North York’s First Police Chief Never Carried a Gun

‘For a year he was the entire force,’ writes Susan Goldenberg

When North York became independent from York Township in 1922, Roy Risebrough, a farmer and leader of the independence movement, was appointed chief of police at $30 a week (equal to $450 today). For a year he was the entire force. A second police officer was appointed in 1923, a third in 1926 and a fourth in 1928.

Risebrough never carried a pistol and only once wore his police uniform.

“If anyone was tough enough to carry a pistol, they were too tough for me,” he told the North York Mirror when he retired in 1957.

“Crime was just little things like neighbourhood disputes. They didn’t amount to a hill of beans … Within a month, they were good friends again,” he said.

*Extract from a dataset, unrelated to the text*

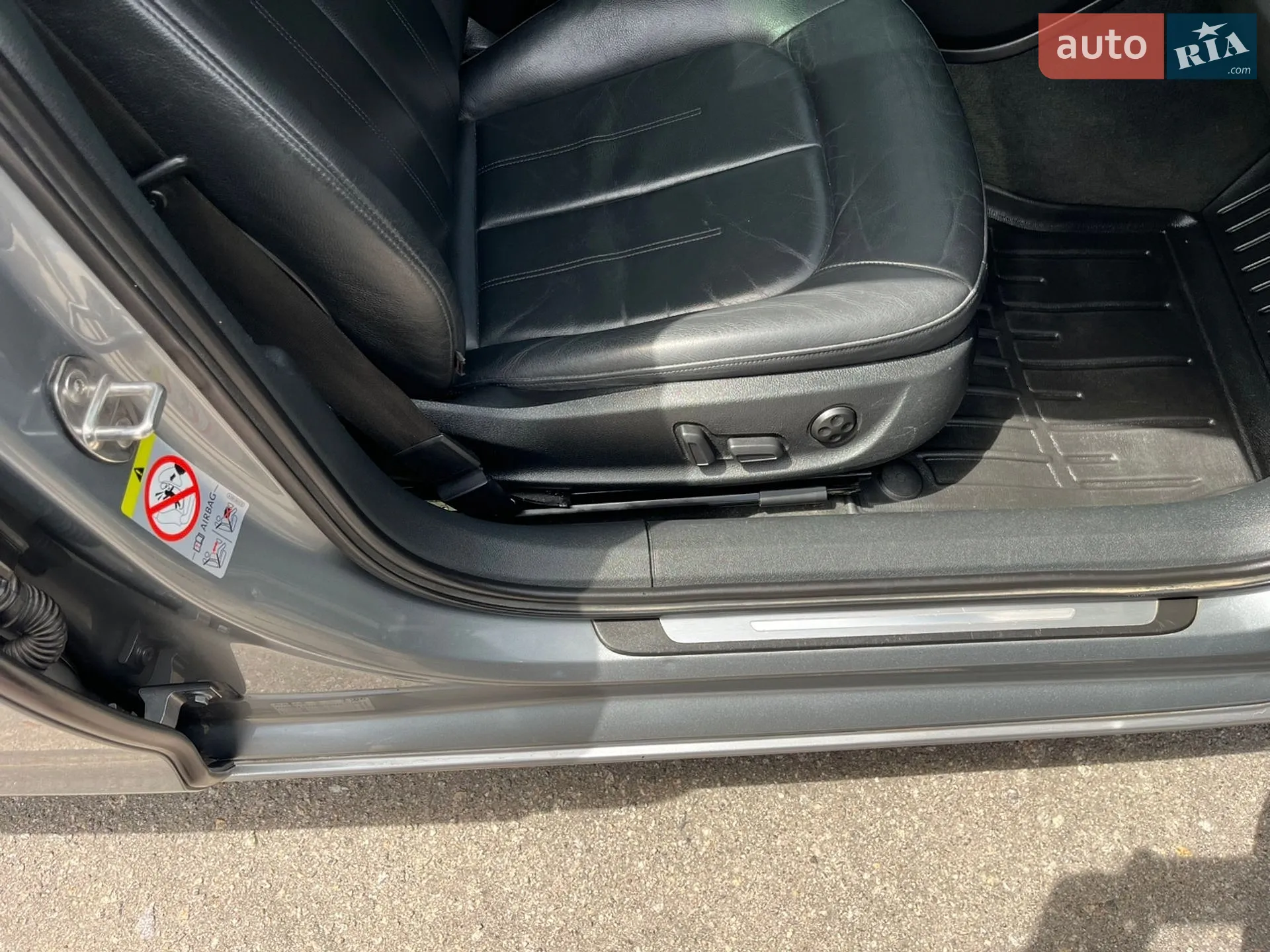2014 Audi A6 - мініатюра 37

Risebrough was very strong. One day he spotted a car with a flat tire across the street from the police station. The driver didn’t have his trunk key for his spare. Risebrough smashed the trunk lock into smithereens.

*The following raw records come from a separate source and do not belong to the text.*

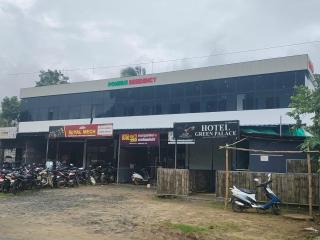 Ponnus Residency - Attappādi - 5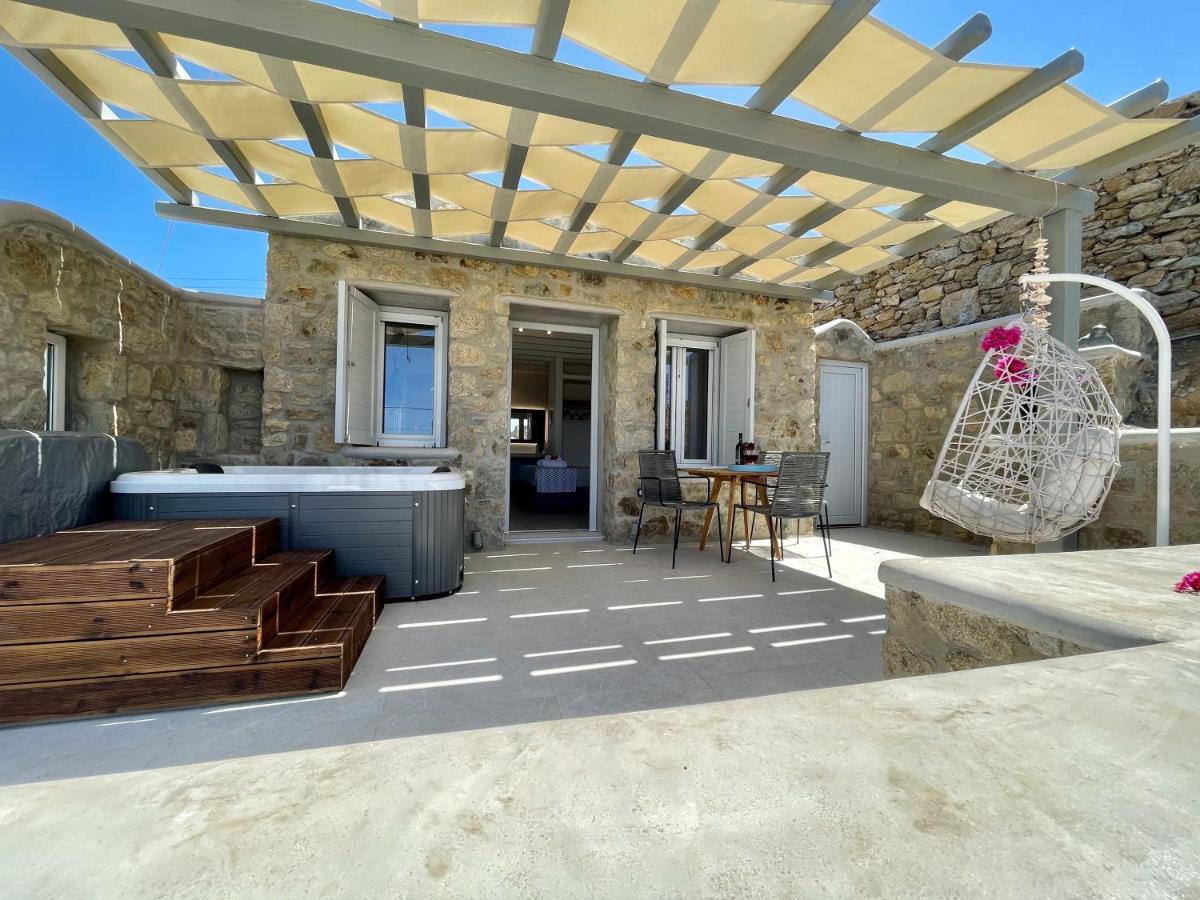 Villa Paradisia *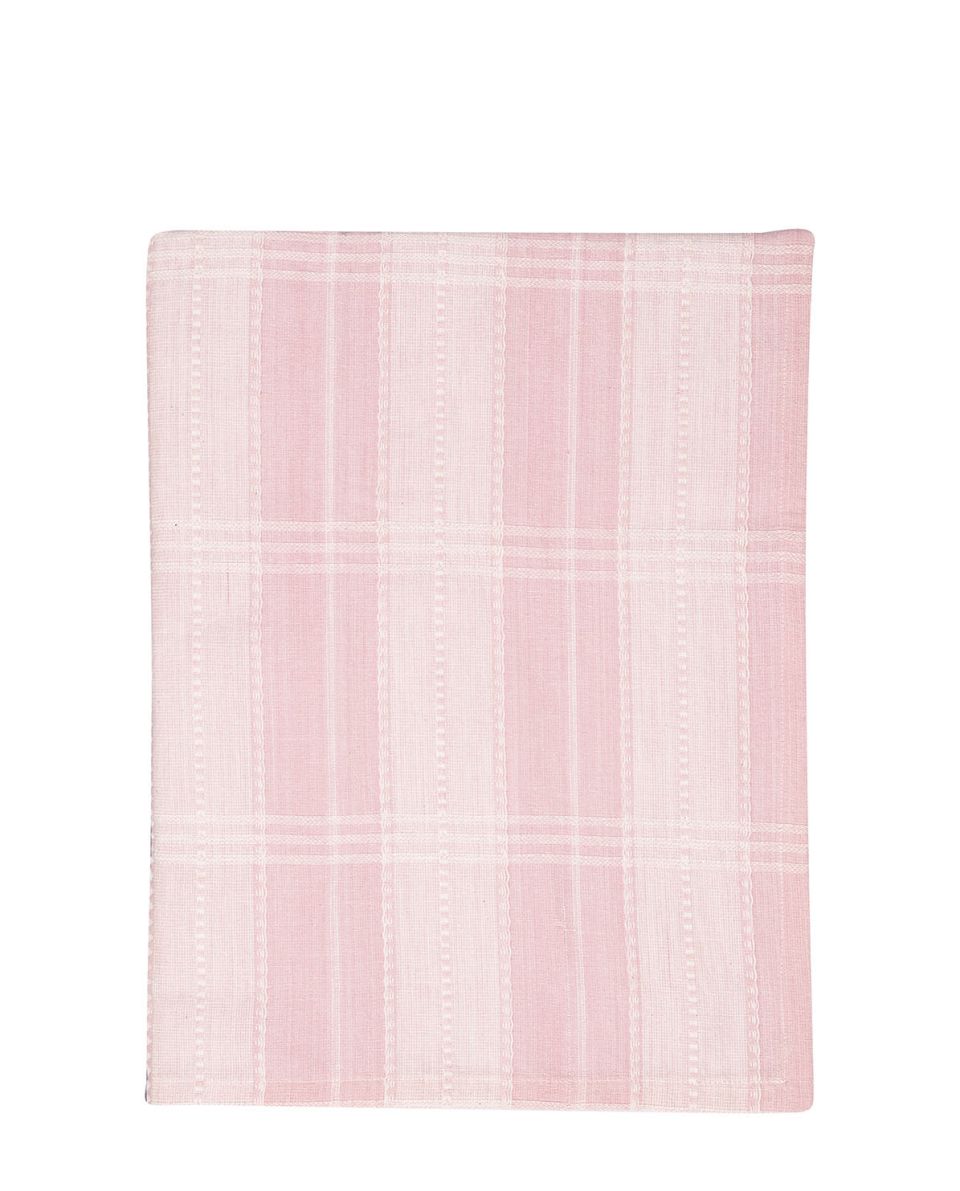 Annica Tischdecke pale pink One Size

Later crime mostly consisted of service station break-ins, an occasional house burglary and raids on farms by chicken thieves and cattle rustlers.

The police were called in to break up drunken brawls at North York’s two taverns, the Jolly Miller on Yonge Street in Hogg’s Hollow and the Algonquin Tavern — “the Big A” — on the east side of Yonge just north of Finch.

From 1922 to 1931 the department was located in North York’s then municipal building at Yonge and Empress Avenue. When it outgrew its space, it moved into temporary quarters until its own building finally was erected at Princess Avenue and Yonge, a block south of Empress. Opened Jan. 7, 1950, it cost $70,000 and had a cellblock.

Risebrough was still chief when members of his force captured the infamous Boyd Gang of bank robbers Sept. 8, 1952, following their second escape from the Don Jail. He retired in 1957 when Toronto’s 13 local police departments were amalgamated into one.

Risebrough Avenue, near Cummer and Bayview where his farm was, is named after him.